◆ **TASK INSTRUCTIONS**: Look through the records and copy each line that has "Black" in it.

◆ **SUPPLIED MATERIAL**:
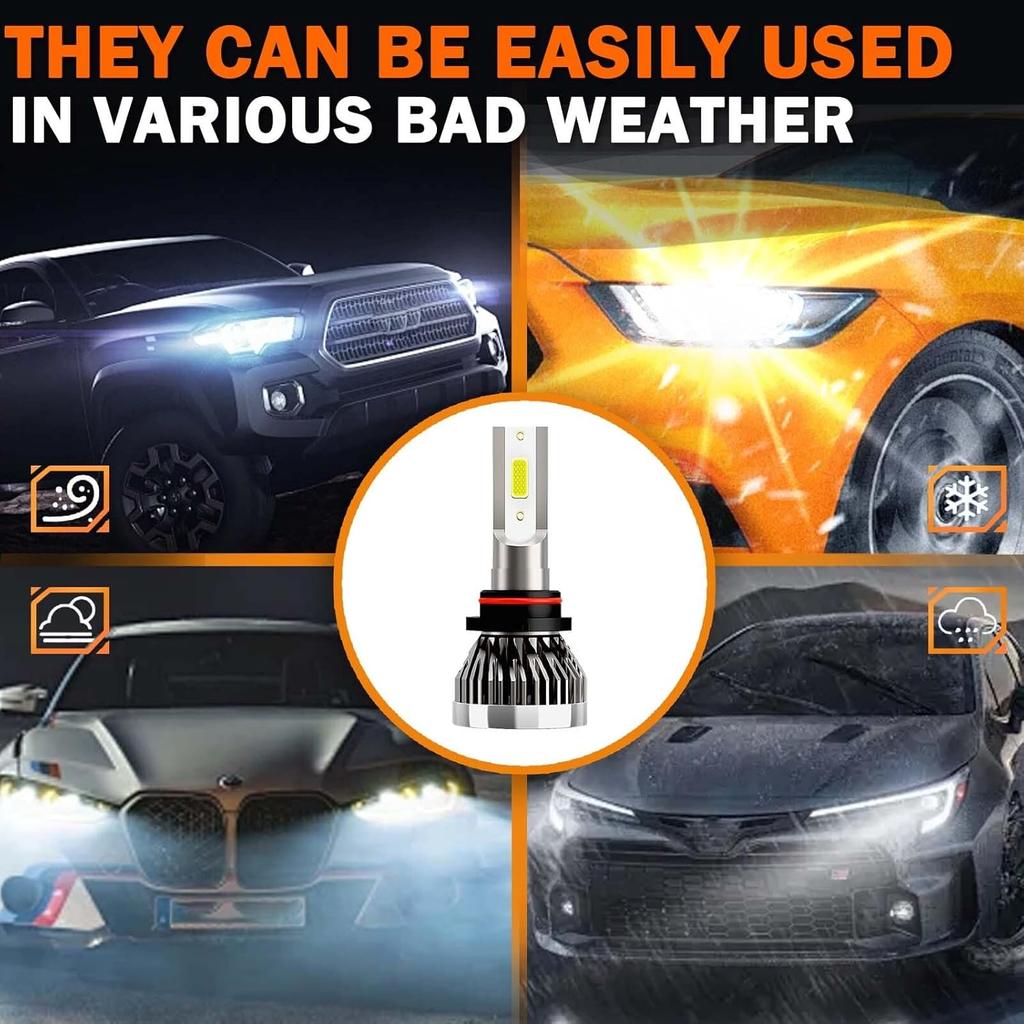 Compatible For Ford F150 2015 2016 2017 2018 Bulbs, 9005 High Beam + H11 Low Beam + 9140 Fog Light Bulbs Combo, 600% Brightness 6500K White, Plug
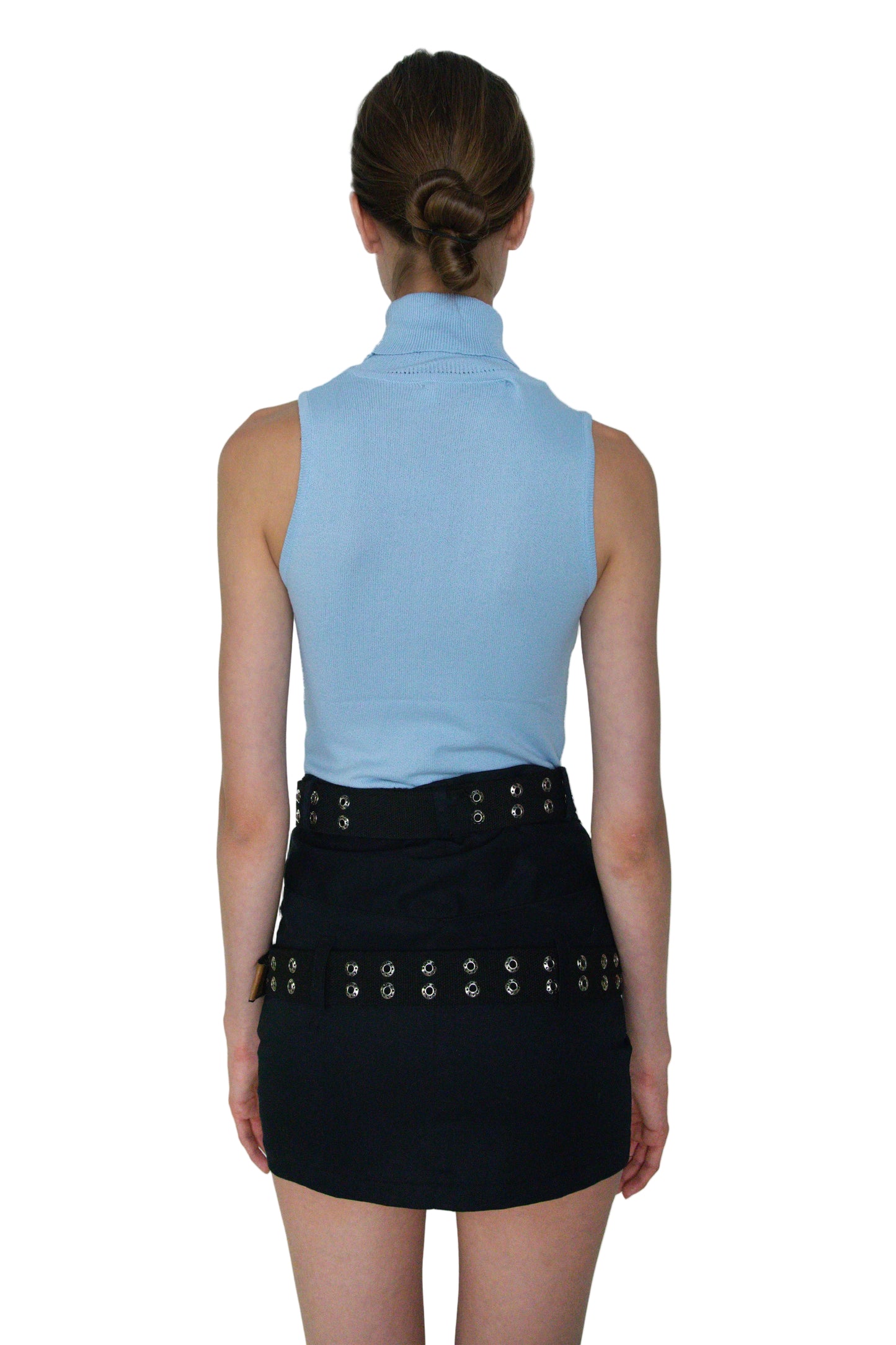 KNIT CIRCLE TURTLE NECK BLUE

--

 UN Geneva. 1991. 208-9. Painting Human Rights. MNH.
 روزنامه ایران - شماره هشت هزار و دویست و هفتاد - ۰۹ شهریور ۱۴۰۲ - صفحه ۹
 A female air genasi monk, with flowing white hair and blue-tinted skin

--

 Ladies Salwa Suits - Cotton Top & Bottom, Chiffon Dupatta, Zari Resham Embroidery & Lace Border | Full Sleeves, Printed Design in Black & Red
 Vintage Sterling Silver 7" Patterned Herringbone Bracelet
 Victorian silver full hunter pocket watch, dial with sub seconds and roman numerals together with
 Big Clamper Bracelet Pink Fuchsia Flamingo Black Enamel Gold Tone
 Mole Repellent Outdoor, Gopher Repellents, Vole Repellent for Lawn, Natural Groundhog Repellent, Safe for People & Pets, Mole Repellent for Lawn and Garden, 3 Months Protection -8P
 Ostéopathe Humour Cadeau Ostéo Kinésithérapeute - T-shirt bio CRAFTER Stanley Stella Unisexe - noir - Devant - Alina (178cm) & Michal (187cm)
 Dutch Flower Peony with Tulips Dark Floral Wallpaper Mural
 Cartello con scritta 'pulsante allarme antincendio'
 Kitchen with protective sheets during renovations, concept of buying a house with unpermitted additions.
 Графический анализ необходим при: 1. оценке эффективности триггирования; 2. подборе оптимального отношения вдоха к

◆ **EXPECTED ANSWER**:
 Ladies Salwa Suits - Cotton Top & Bottom, Chiffon Dupatta, Zari Resham Embroidery & Lace Border | Full Sleeves, Printed Design in Black & Red
 Big Clamper Bracelet Pink Fuchsia Flamingo Black Enamel Gold Tone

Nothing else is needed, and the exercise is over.